▶ [TASK INSTRUCTIONS] What is needed is an exact copy of the lines from the line holding "thumb 925 Sterling" through the end of the material, with no other lines and no pictures.

# # # #

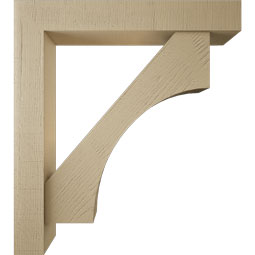 Ekena Millwork - BKTUR0554X34X38WTL05RCPR - Timberthane Faux Wood Westlake Style Bracket w/ Offset Brace, Block Ends, 5 1/2"W x 34"D x 38"H, Primed Tan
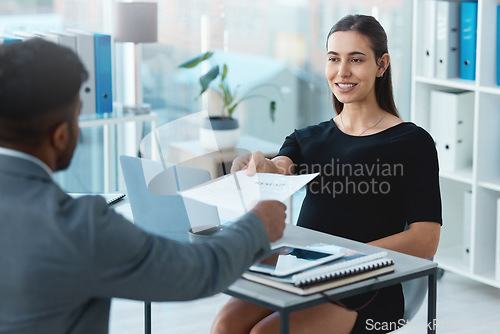 Image of Business meeting, hiring and resume of a corporate woman with hr and communication in office. Paperwork, interview and outsourcing in a company with professional opportunity and cv document review
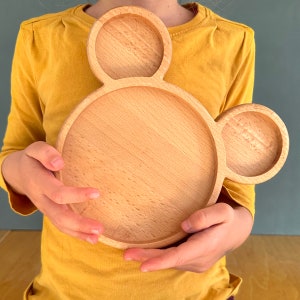 Minnie Maus Kinder Servierteller Mickey Maus Servierplatte Servierschale snackplatte aus massivholz Buche Geschenk für Mädchen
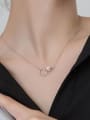 thumb 925 Sterling Silver Rhinestone Round Minimalist Necklace 1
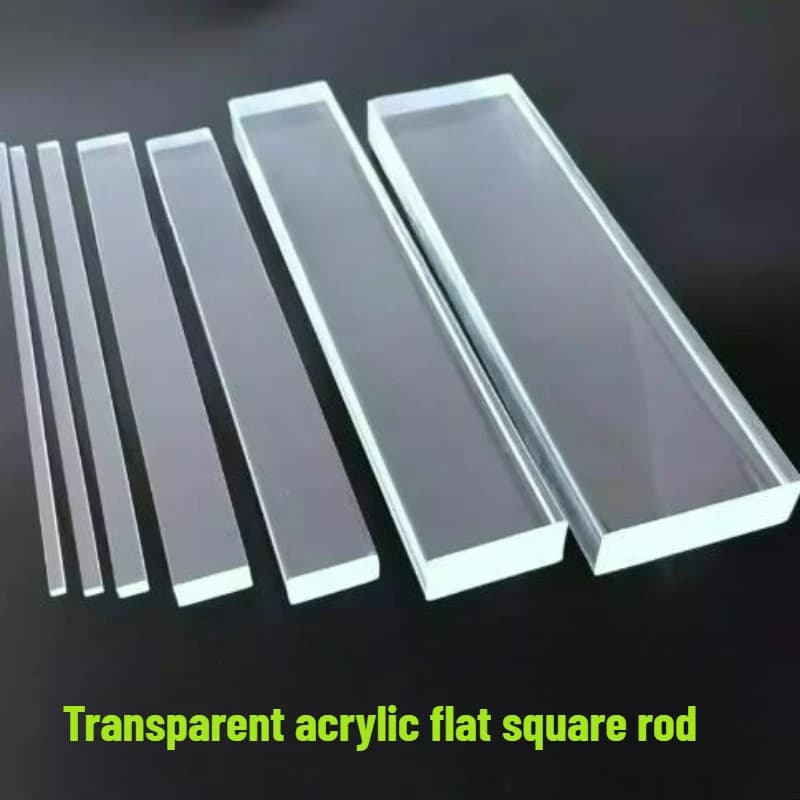2 Stück, Länge 100/150/200/300/400/500 mm, quadratisch, transparent, extrudierter Acryl-Kunststoff-Stab, verschiedene Größen, kundenspezifischer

# # # #

▶ [SOLUTION]
 thumb 925 Sterling Silver Rhinestone Round Minimalist Necklace 1
2 Stück, Länge 100/150/200/300/400/500 mm, quadratisch, transparent, extrudierter Acryl-Kunststoff-Stab, verschiedene Größen, kundenspezifischer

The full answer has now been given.